Let's say we know $X_1$ and $X_2$ are two Gaussian random variables with unknown parameter $\theta$, i.e., $X_1, X_2 \sim \mathcal{N}(\theta,1)$. Now if we know either $X_1$ or $X_2$, then we can infer something about $\theta$ and hence knowing one changes the probability of the other. Consequently, $X_1$ and $X_2$ are dependent by the intuitive definition. I know something is wrong with this logic, otherwise we cannot have independent and identically distributed (i.i.d) random variables.
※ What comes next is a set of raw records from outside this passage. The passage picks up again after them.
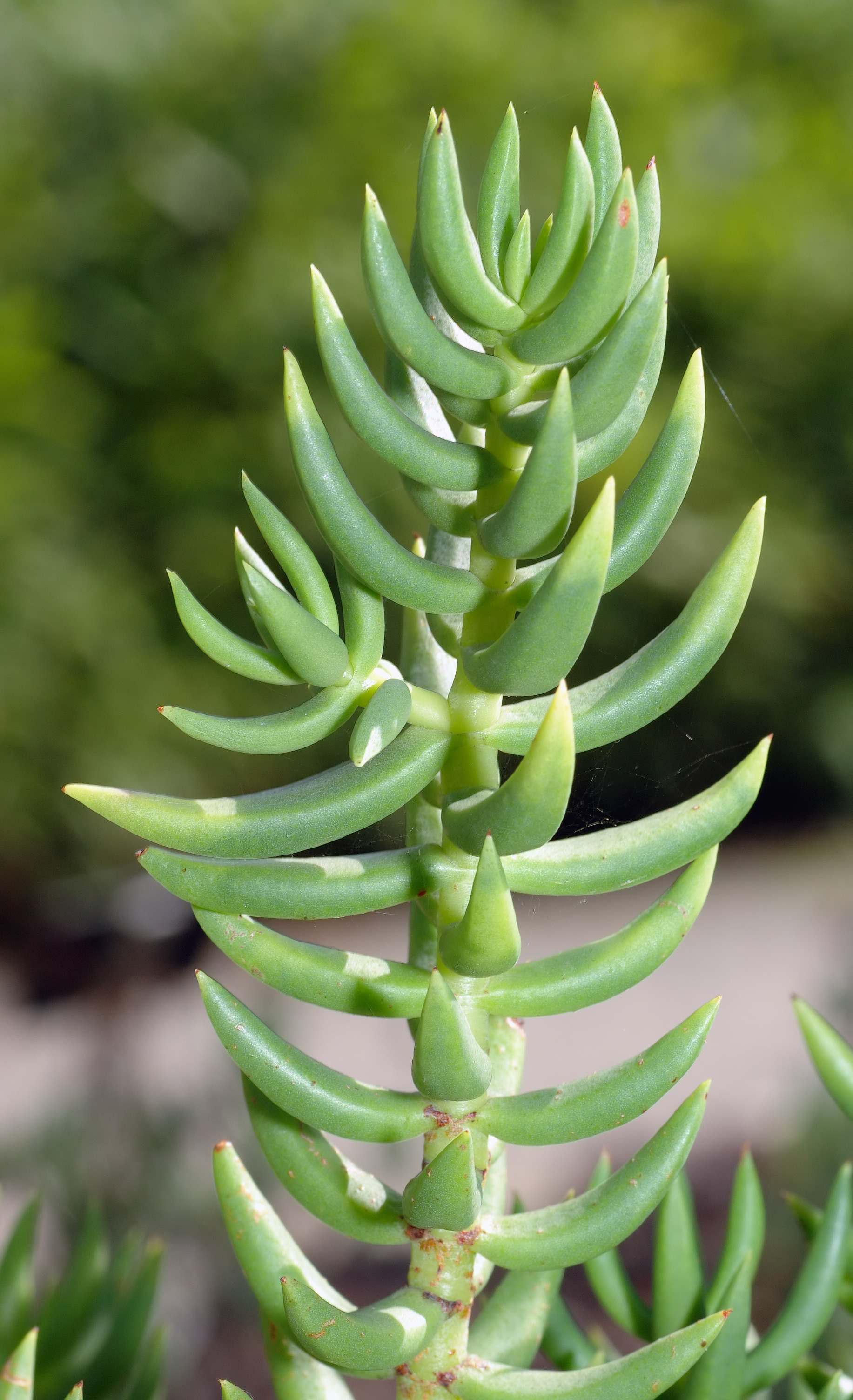 Crassula tetragona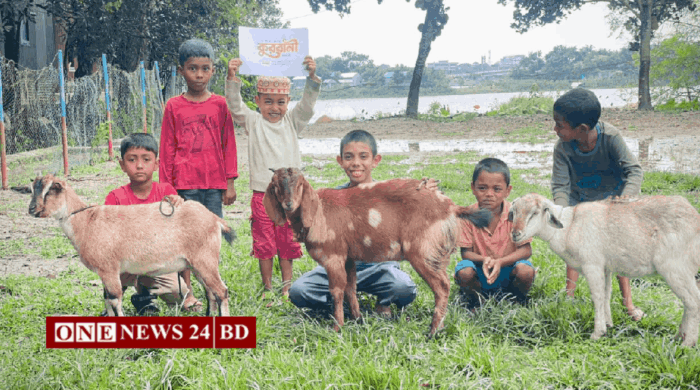 আস-সুন্নাহ ফাউন্ডেশনের উদ্যোগে তাড়াইলে গরু-ছাগল কুরবানি করে দুস্থদের মাঝে গোশত বিতরণ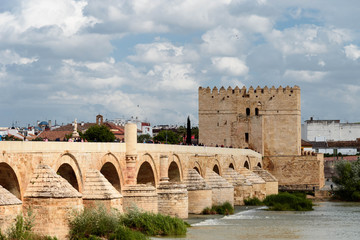 Obraz premium a guadalquivir view of cordoba. view of the roman bridge and the calahorra tower over the guadalquivir in cordoba. andalusia, spain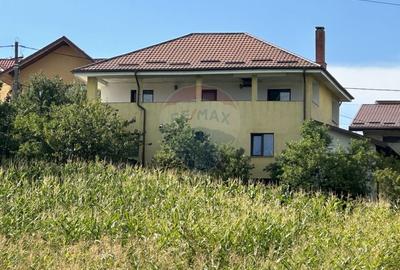 Casa spatioasa in Ciritei, gata de mutat - 3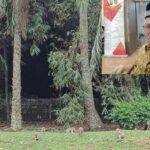 Kawanan Monyet dari Kawasan Reaktor Nuklir Puspiptek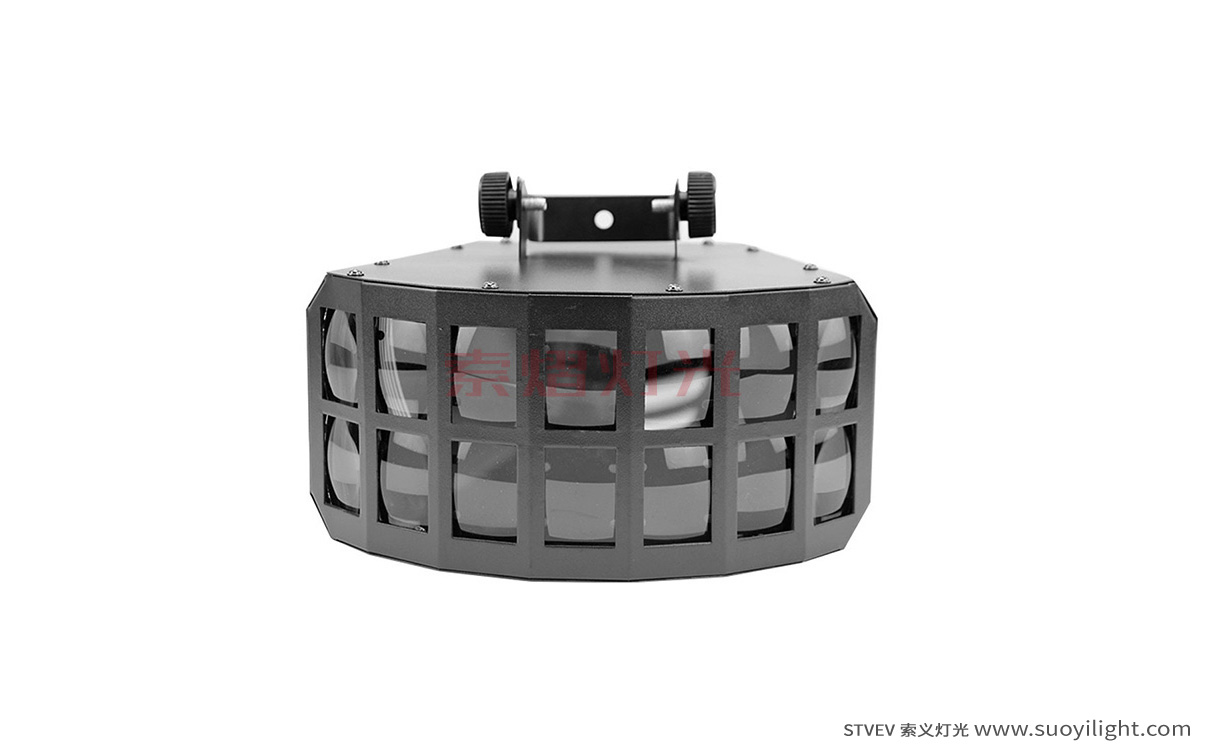 AucklandLED Double Butterfly Light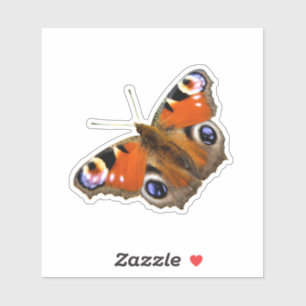 Peacock Butterfly Sticker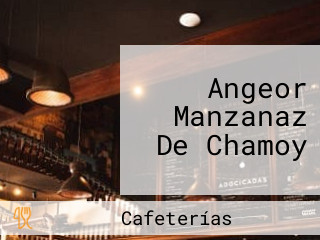 Angeor Manzanaz De Chamoy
Could someone help me on this?

Thanks.

Answer 1

From a frequentist perspective, the parameter $\theta$ is a fixed value. So even though you might be able to infer information about the value of $\theta$, all you're doing is constructing an estimate, $\hat{\theta}$ as a function of the observed outcomes of, say, $X_1$. But if you try to make a statement about the probability of $\theta$ taking a particular value, you're making an error, because it's not a random variable itself.

Trying to talk about, say, $P(X_2 | X_1)$, you'd be tempted to build something out of Bayes' theorem, but then you'd discover that you're using something like $P(\theta = t | X_1 = x_1)$, and that probability is $1$ for the real value of $\theta$, and $0$ otherwise, so the conditional probability $P(X_2 | X_1)$ will just collapse back to $P(X_2)$ as a function of $\theta$. And thus the two variables are still independent, with distributions that both happen to be functions of the same, unknown but estimable, parameter.

In a Bayesian framework, eh, kind of, but I'm insufficiently Bayesian to explain how it works in that perspective.